We know that the Gaussian Mixture Model is a probabilistic counterpart of k-means algorithm. Is there a probabilistic counterpart for kNN? (which is similar to k-means, but supervised.)
The way I'd model it (I haven't seen this in the literature, but it wouldn't surprise me if it were already out there) is:
I'd think of it as expressing the posterior distribution over class labels, given that you have a (test) sample $x$, as a marginalization over a sub-set of the training sample nodes, $n_i$: $$ p(c \vert x) = \sum p(c \vert n_i ) p(n_i \vert x) $$
In the back of my mind, I have the idea that the test sample is assigned-to (or is essentially the same as) one of the test-samples; but since we don't know which one, we marginalize over all of the feasible ones.
The first factor defines, for each training-sample node, the probability distribution over class labels, given that the test-sample was "assigned" to node $n_i$. If each training sample has a particular label, then this might be just an indicator function for that label; the various extensions to actual distributions are going to be problem domain specific.
The second factor is the probability that node $n_i$ is the correct assignment choice. The direct mapping of $kNN$ is to have $p(n_i \vert x) = 1/k$ when $n_i$ is in the set of $kNN$'s, and zero otherwise; i.e. a cookie-cutter type of distribution. Again, this could be generalized into something with a softer roll-off, e.g. a Gaussian type of shape in feature space, if desired.
In my opinion, this captures the the essential general structure of $kNN$:
- You pick a population who gets to vote, this is achieved by $p(n_i \vert x)$, and then
- you combine the results of each vote, in this case each vote is a probability distribution over classes, $p(c \vert n_i)$
whether you want to have a soft or hard inclusion function, the exact methods for defining the vote probabilities distributions and so on are problem-specific details.

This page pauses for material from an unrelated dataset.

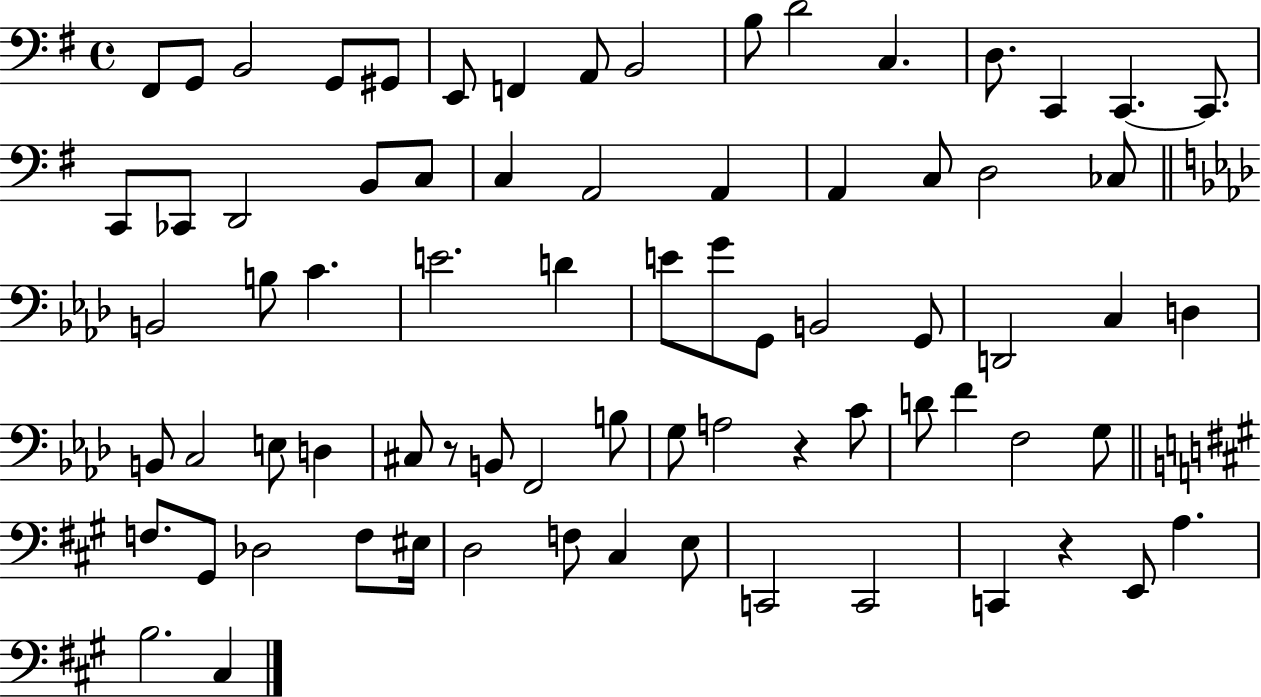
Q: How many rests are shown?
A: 3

Something very similar is Logistic regression with a Radial Basis Function (sometimes called Gaussian) kernel (http://en.wikipedia.org/wiki/Radial_basis_function_kernel), with all weights constrained to be $1$.
A fitted RBF kernel regression will compute weighted distances to various points, compute a Gaussian pseudo-probability of being a neighbor based on the distance, and average the values at the points in the training set weighted by that Gaussian pseudo-probability.
This is very similar to kNN, where $k$=size of the training set.
You can reduce the number of points under consideration via a Laplacian prior ($L_1$ regularization), but this won't have the same effect as varying $k$ in kNN, as the $k$ points chosen will be the only ones considered.
If weights are fixed at $1$, only the distance matters. When weights are allowed to vary, it affects how much each point is allowed to vary.
This paper formulates explicitly a probabilistic version of KNN:
C.C. Holmes, N.M. Adams: A probabilistic nearest neighbour method for statistical pattern recognition. J. Roy. Statist. Soc. Ser. B, 64 (2) (2002), pp. 295–306.
Dave's idea also comes up in this paper:
A. Kaban. A probabilistic neighborhood translation approach for non-standard text categorization. Proc. Discovery Science (DS08), 2008.
Gaussian mixture model is rather a generalization of $k$-means where variances are not identity matrices. One way to construct a probabilistic model which will be a generalization of kNN is to assume there is a gaussian centered at each data point with unknown variances whose distribution is fixed.